A democracia e a laicidade
Independentemente do apuramento das razões que estiveram na origem do atentado que, no dia 15, se frustrou em Liverpool, Reino Unido, e se limitou a trucidar o terrorista que seguia no táxi, enquanto o condutor lhe fechou as portas e fugiu do veículo, há fundadas suspeitas de que o alvo do facínora fosse a catedral.
Penso que a luta contra o racismo não se faz com a omissão
da etnia, origem ou religião do criminoso, sobretudo se a última está na origem
da crueldade de quem julga ter uma eternidade de delícias à custa da própria
imolação e do sofrimento dos infiéis.
Ignorar o regresso das guerras religiosas será politicamente
correto, mas é suicida. Não importa se este foi mais um caso de fanatismo
religioso pois não faltam casos recentes e preocupações quotidianas com imposição
de preconceitos e exigências pias que minam a civilização e a democracia.
Há pessoas para quem falar de laicismo é heresia, como se
pudesse combater-se a deriva criminosa de determinada crença sem que o Estado
democrático tenha a determinação de impor a separação às Igrejas e combater as
crenças que apelem à violência. Não há democracia sem que os cidadãos sejam
livres de ter qualquer crença, descrença ou anti-crença. É tão legítimo crer
que Deus criou o Homem como ter sido este a criar aquele.
Há, aliás, um direito que os intolerantes não respeitam, o
de descreditar, ridicularizar e combater, pela palavra, desenho ou gesto,
qualquer religião ou o ateísmo. Preferem as bombas. Sagrada é a Declaração
Universal dos Direito Humanos, e ímpia a sua recusa.
A Europa do Renascimento, do Iluminismo e da Revolução
Francesa não pode ajoelhar-se perante crenças que, no passado, a ensanguentaram
e, no presente, a põem a rastejar, com reiteradas cedências e uma atmosfera
cada vez mais carregada de medo.
Temos de nos interrogar sobre a licitude da resistência ao
quadro civilizacional europeu, das exigências que humilhem um dos sexos, neguem
a igualdade de direitos perante a lei, a supremacia da democracia sobre o
tribalismo, a liberdade sobre o comunitarismo.

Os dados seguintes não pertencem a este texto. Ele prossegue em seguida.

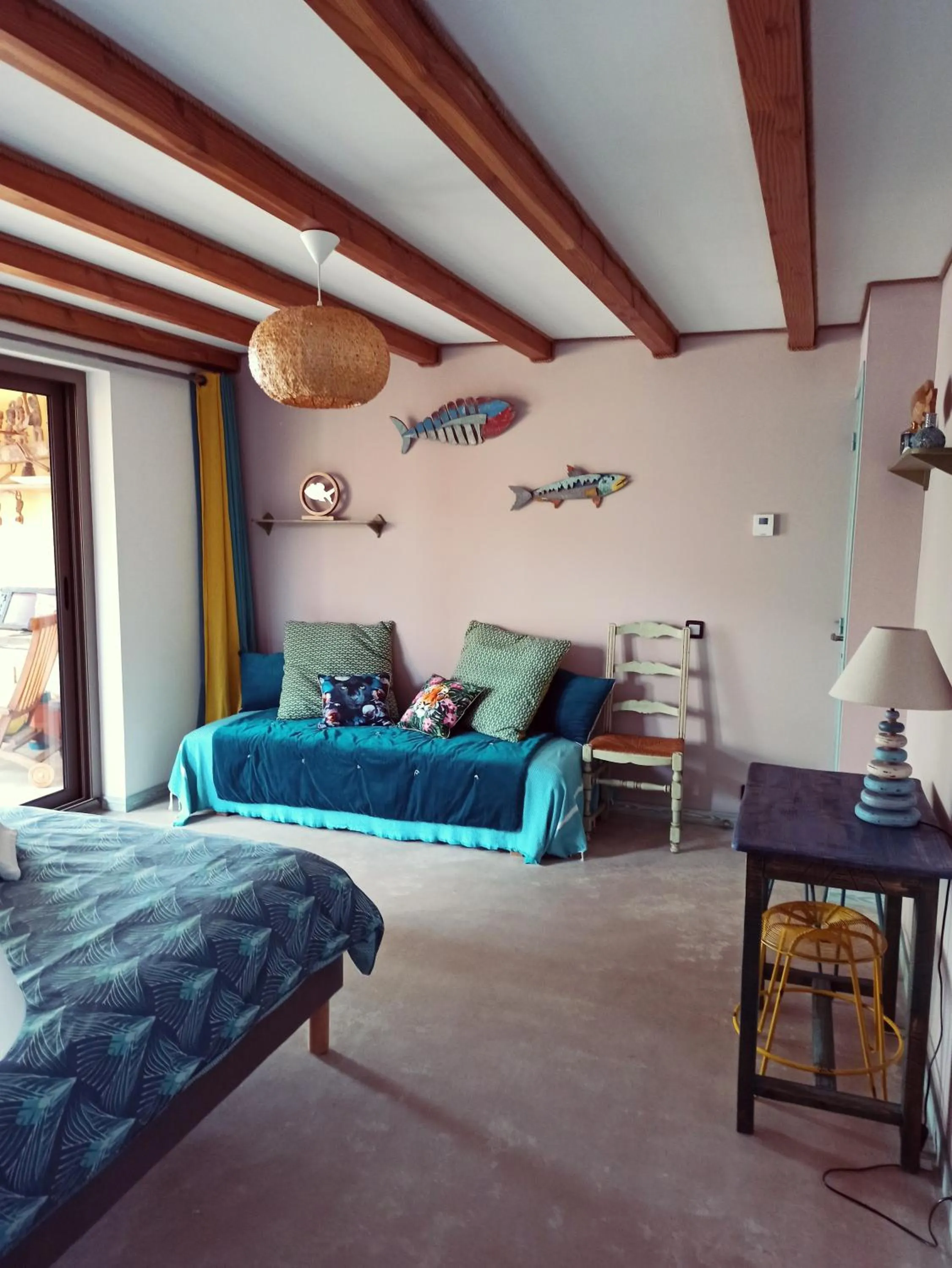 Photo of the whole room in Ô Rêves Ailleurs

As regras de higiene, as vacinas e a alfabetização não se discutem,
impõem-se quando o interesse coletivo, democraticamente sufragado, as
legitimam. A vontade dos deuses, há tantos, não pode sobrepor-se à dos homens.
Não podemos viver sob uma atmosfera de medo ou permitir que
a pretensa lei de Deus se sobreponha às leis que a democracia liberal aperfeiçoou,
depois de várias guerras, de muito sangue e demasiadas iniquidades.
O totalitarismo religioso não é mais benigno do que o laico,
e é bem mais difícil de ser erradicado, mas a opinião pública não pode amolecer
sob o peso de alegadas tradições e costumes tribais.
Já nos bastam os livros sacralizados das ideias dos
patriarcas tribais da Idade do Bronze, e que urge desmascarar.